What you have to do
Below are some records; output exactly the lines from the line with "Repo: https://t.co/ZpLphEHzzO" to the line with "#Streamlit25k https://t.co/pvYmJ5Pqyw", both ends kept, and nothing more.

Exercise inputs
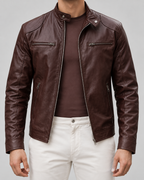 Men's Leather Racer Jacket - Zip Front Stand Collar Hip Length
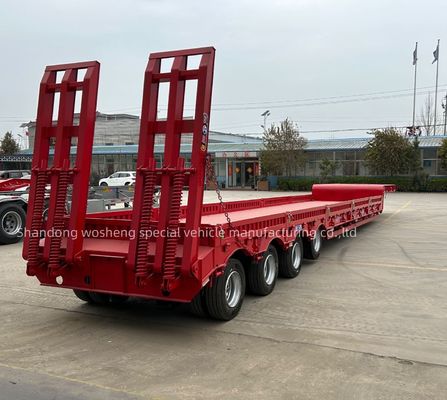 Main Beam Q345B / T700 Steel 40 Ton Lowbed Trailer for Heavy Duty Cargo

...

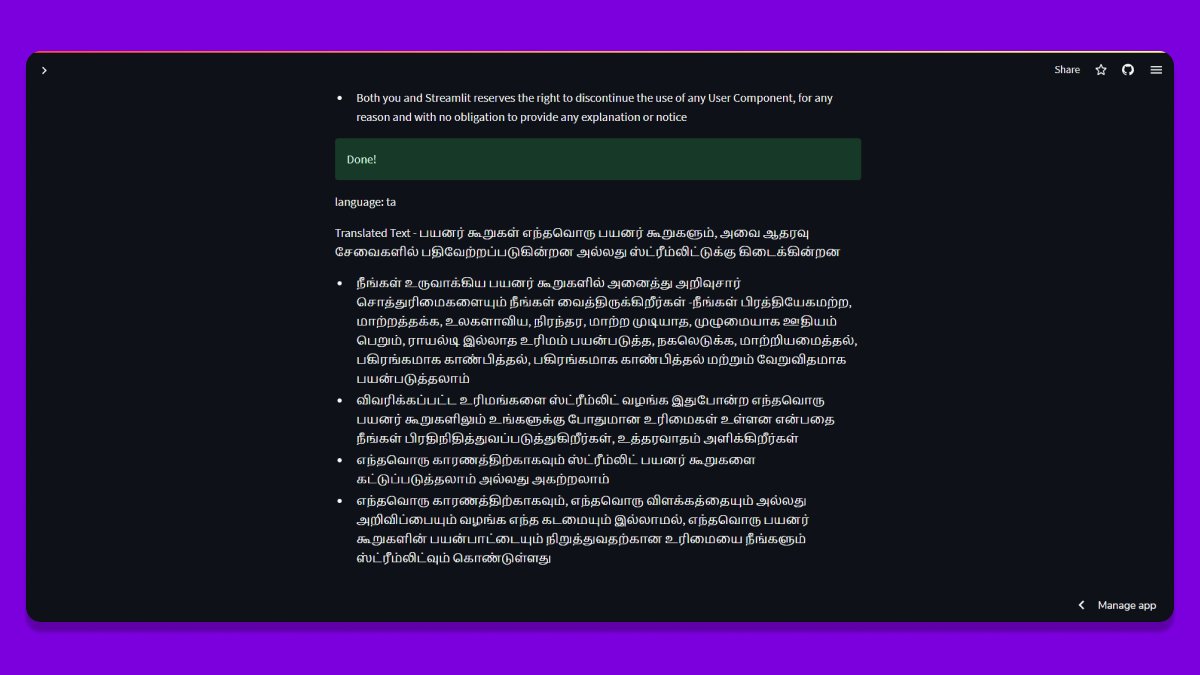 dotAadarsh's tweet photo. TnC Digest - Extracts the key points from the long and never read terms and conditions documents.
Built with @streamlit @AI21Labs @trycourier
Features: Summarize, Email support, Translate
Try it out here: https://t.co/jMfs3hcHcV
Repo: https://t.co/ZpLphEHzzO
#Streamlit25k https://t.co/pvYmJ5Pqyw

Your response
Repo: https://t.co/ZpLphEHzzO
#Streamlit25k https://t.co/pvYmJ5Pqyw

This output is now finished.